4. CONSIDERAÇÕES FINAIS
O enfermeiro, quando gerente de saúde, ocupando altos cargos administrativos,
se afasta do caminho da profissão enfermagem, fato que foi constatado em seu
discurso, onde algumas vezes aparece a preocupação com o cliente, mas quase
nunca com a enfermagem. Isto nos faz refletir na possibilidade do surgimento de
um novo profissional, o ADMINISTRADOR DE SAÚDE, o qual teria como formação
básica a área de conhecimento enfermagem.
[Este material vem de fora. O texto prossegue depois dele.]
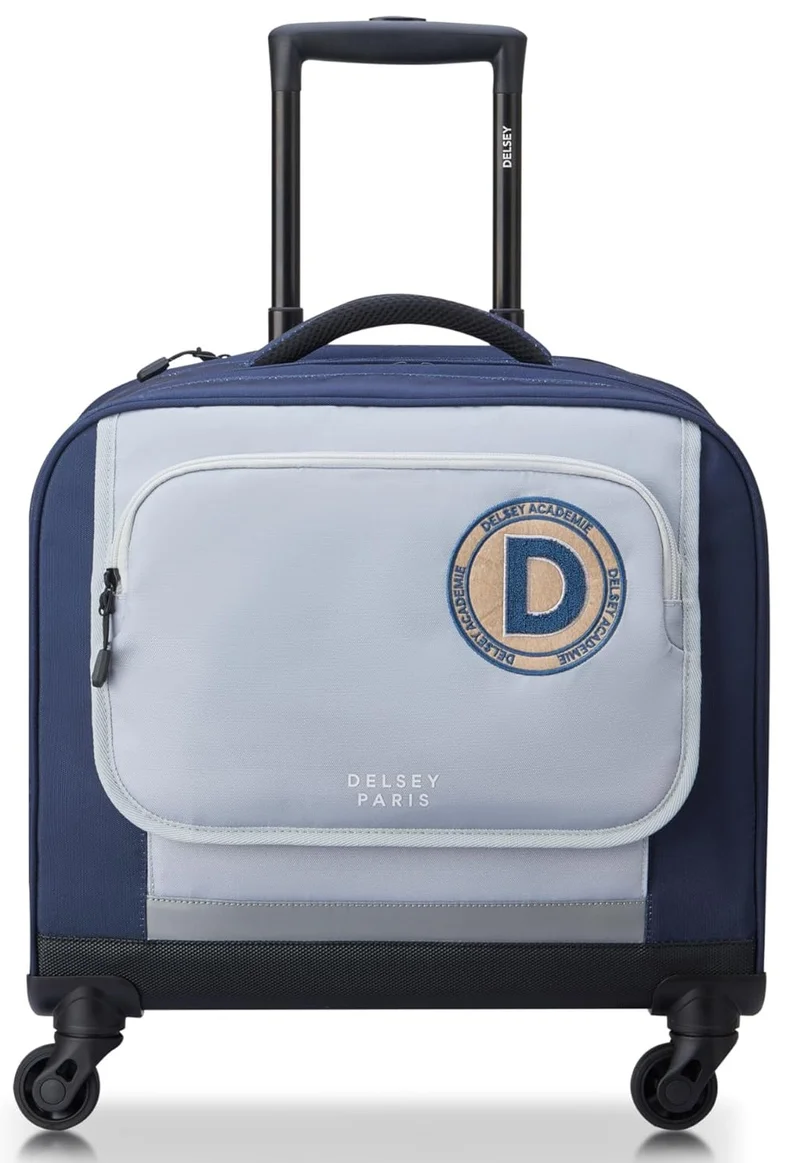 DELSEY Paris  Back To School 2025 Set of 3 – Navy  | Best Price UAE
Quando analisamos a atuação do enfermeiro gerenciando serviços, seja dentro dos
hospitais ou em unidades básicas, o seu discurso está mais próximo do saber de
enfermagem e do cliente, até porque ele não está sozinho. Nesse caso, o
enfermeiro sempre divide com o médico a chefia de serviços assistenciais,
principalmente nos hospitais, onde existem sempre chefias de enfermagem e
médica.
A liderança é uma função gerencial e a eficácia da gerência depende em parte do
exercício efetivo da liderança. O sucesso gerencial do enfermeiro sofre a
influência da base organizacional da instituição da liderança que consiste na
utilização do conhecimento, por parte do gerente do contexto organizacional, o
que possibilita a identificação dos recursos disponíveis a serem utilizados na
consecução do ideal comum.
Organizar o trabalho de outros profissionais e assumir, de fato, o papel de
líder no sistema de saúde são os DESAFIOS a enfrentarna gerência de saúde. Há
de se ter, uma visão revolucionária que por parte das instituições formadoras
no sentido de estar preparando acadêmicos e enfermeiros para um mercado que
cada vez mais solicita profissionais qualificados a exercerem a liderança na
gerência de saúde.
É fato, a enfermagem está ocupando cargos de destaque no município de Niterói:
os enfermeiros estão participando na tomada de decisão em saúde; quanto ao
financiamento para o município, através do envio dos dados de notificação, da
programação de atividades que levem ao alcance das metas estabelecidas pelo
governo federal e estadual; avaliando indicadores operacionais dos programas de
saúde; e atuando como um articulador das questões de saúde. Não devemos nos
enganar pois, esta valorização do saber gerencial do enfermeiro não se deu por
acaso. Havia um interesse político naquele momento em se ter profissionais que
agrupassem o saber teórico-prático e a disponibilidade para estarem presentes
nos serviços, ou seja, o enfermeiro possui a qualificação, necessita ter um
espaço para mostrar a sua competência e não tem o consultório particular para
disponibilizar um status financeiro. De qualquer forma consideramos um grande
passo dado pela enfermagem enquanto profissão pois esta vem demonstrando estar
transformando a prática social de um grupo.